Pero insisto, esto no borra la importancia de su osada visión materializada en Nisman: El fiscal, la presidenta y el espía, el documental que pretende contar la historia desde el inicio de lo que le ocurrió, o podía haberle ocurrido al fiscal. Haciendo un viaje desde el atentado que iluminó las cúpulas de la corrupción de la política argentina, hasta el análisis exhaustivo del “suicidio”, Nisman: El fiscal, la presidenta y el espía es una versión extendida de los múltiples reportajes que hemos leído sobre esa fatífica noche que podría haber “salvado” a una persona muy poderosa, del posible escrutinio o una acusación seria.

Primero confirmemos algo realmente positivo: A pesar de que su título hace alegoría al tema controversial de la historia, Webster apunta el lente hacia la sospecha global. Y es algo admirable. El director podía haberse basado en la polémica para generar intriga con las entrevistas que recolectó en tanto tiempo. Podía haber hecho un documental sobre el probable rol de Cristina Fernández de Kirchner en un asesinato no comprobado. Sin embargo, Webster prefiere avivar la llama de la duda analizando todos los posibles cabos sueltos, y por consiguiente otros focos de sospecha. Sin inclinarse por alguno en particular, el director reafirma su posición inicial.

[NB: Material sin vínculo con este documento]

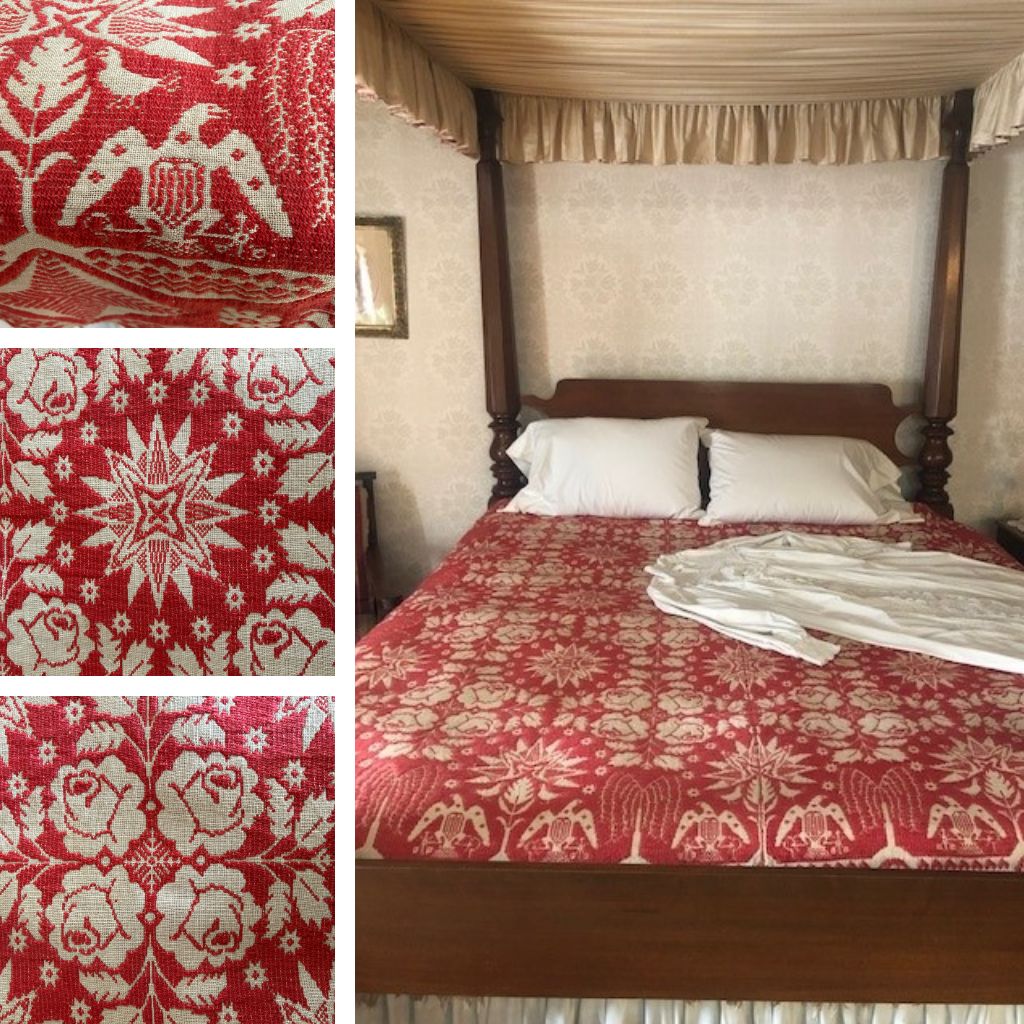 A grid pattern with three images on the side and one long image on the right. On the top left is an image of an eagle woven into red fabric, under is a star, and the bottom is flowers. On the right is an image of a bed with two white pillows and then the coverlet.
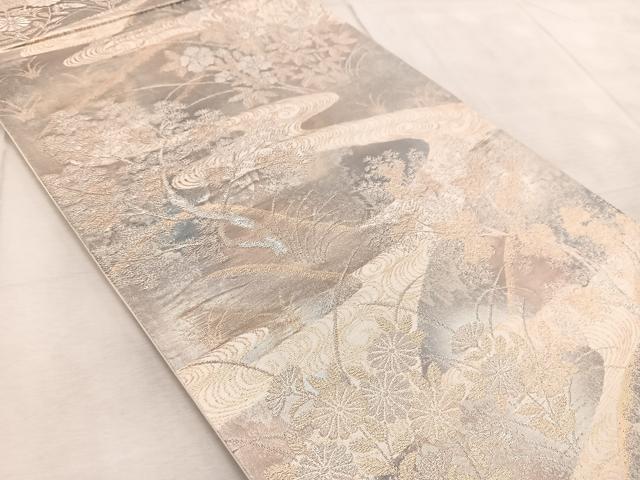 平和屋着物◎六通柄袋帯 流水秋草文 京洛錦 二重引箔 金銀糸 正絹 逸品 BAAV6478yc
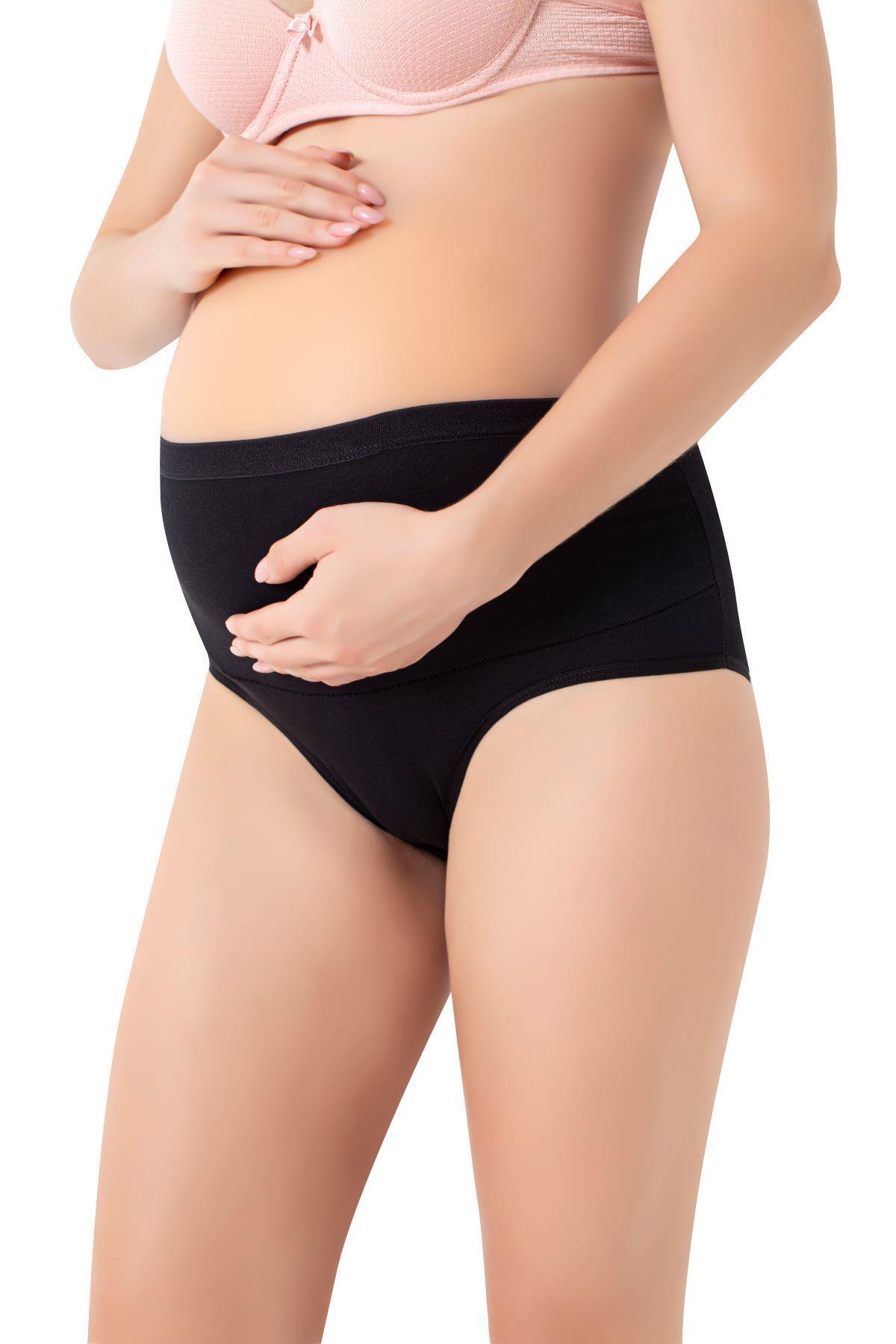 Arma Yıldız 4'lü Paket Kadın Siyah Pamuklu Likralı Yüksek Bel Hamile Külodu fotoğrafı 3 (önizleme)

Pero lamentablemente así se sobreexige y el documental cae en un vacío de repetición que cansa al espectador quien posiblemente conoce la historia y todos los elementos propuestos. Un guion extendido e innecesario pretende que entendamos la visión de Webster como un estudiante del hecho con métodos casi deplorables. Cuando en plena entrevista cuestiona al entrevistado, Webster cruza la línea y pierde sensibilidad. Es en este momento en el que se mezcla su análisis con el de cualquier medio de comunicación que utilizó la muerte del fiscal para generar ratings.

Nisman: El fiscal, la presidenta y el espía sufre de un grado de credibilidad variante que nunca termina convenciendo al espectador de los hechos planteados. Muchos conocemos lo poco que nos mostraron sobre la muerte de Nisman. Creo que para nadie es una seguridad que se haya suicidado, y para nadie es seguro el homicidio sin culpable. La duda siempre estará y al menos que alguien pueda reconocer y comprobar que estuvo implicado, el caso quedará sin resolver. El documental que podría haber aclarado todo sufre de la realidad inevitable de un caso con más preguntas que respuestas. Pero Webster no resume la duda. Solo la extiende para recalcar que hay sospechosos múltiples por una muerte que ni siquiera fue la más trágica. Y al menos el director reconoce esto. Con casi un capítulo entero dedicado al atentado de la AMIA, no deja de indicarnos que quizás lo prioritario a resolver es esa mancha imborrable de la historia argentina. Por esto Nisman: El fiscal, la presidenta y el espía es más importante que cualquier crítica que podamos hacer.